_PROBLEM DESCRIPTION_. Scan the records below for the line with "Charcoal Heather christmas" and the line with "スキンシール MacBook Pro", and retype that range exactly, both ends included, pictures excepted.

_EXCERPTED DATA_.
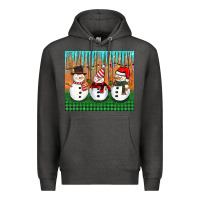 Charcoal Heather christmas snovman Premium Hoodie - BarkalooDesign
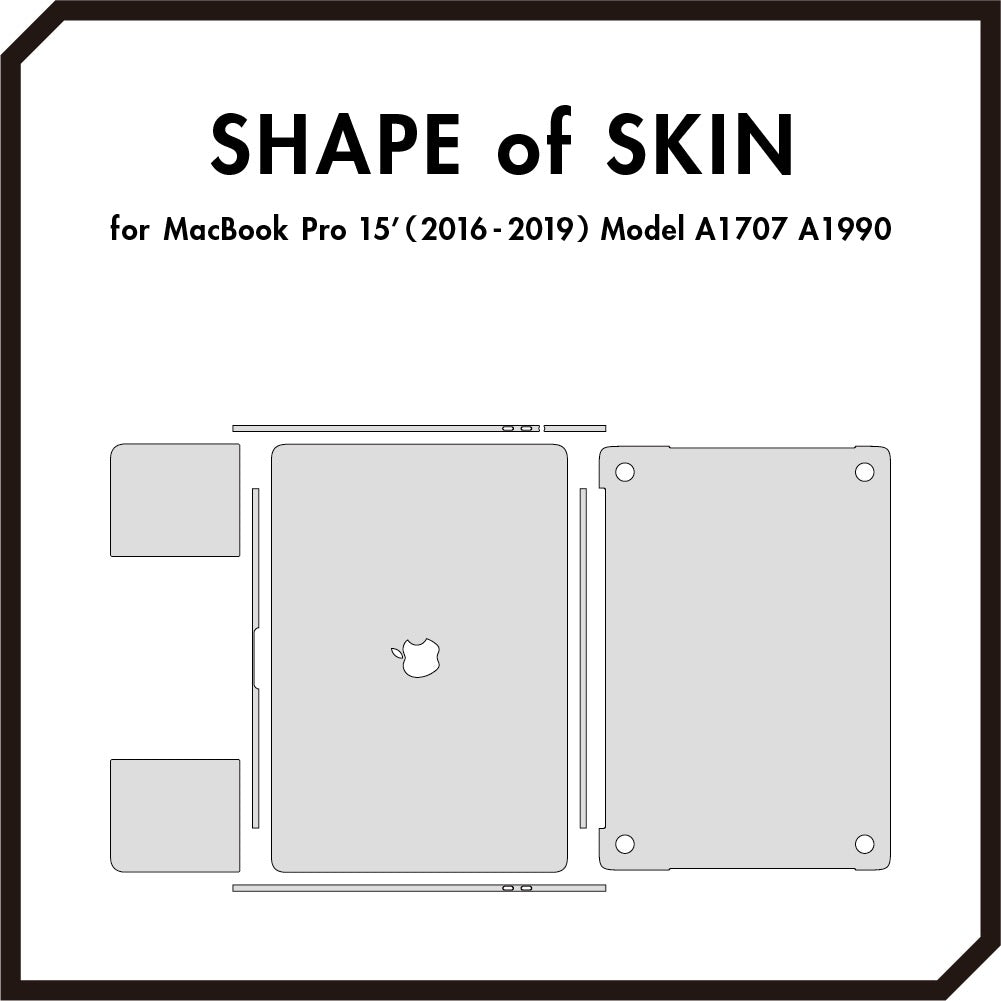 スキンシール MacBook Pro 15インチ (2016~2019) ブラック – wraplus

* * *

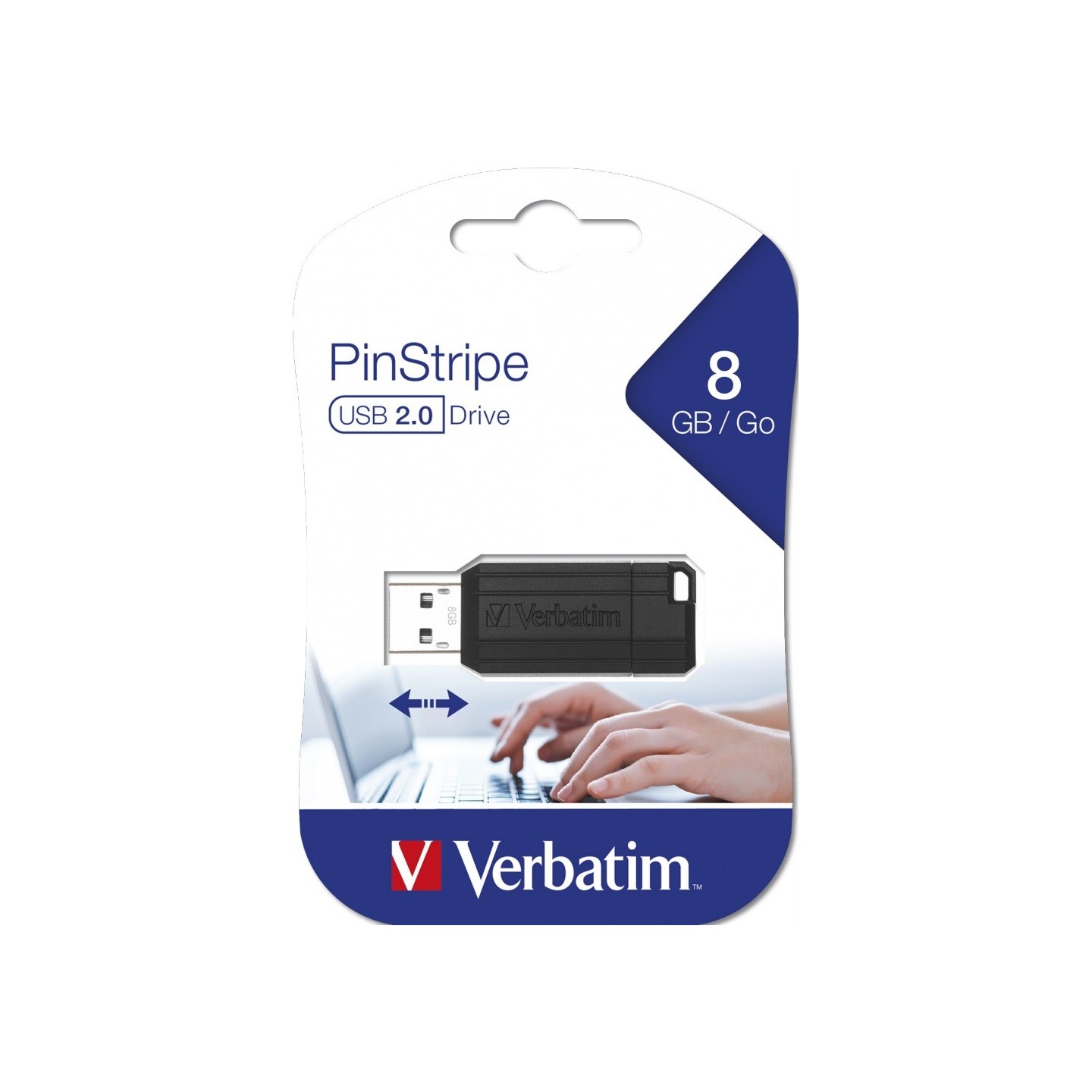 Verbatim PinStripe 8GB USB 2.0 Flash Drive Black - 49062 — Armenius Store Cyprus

_RESULT_.
 Charcoal Heather christmas snovman Premium Hoodie - BarkalooDesign
 スキンシール MacBook Pro 15インチ (2016~2019) ブラック – wraplus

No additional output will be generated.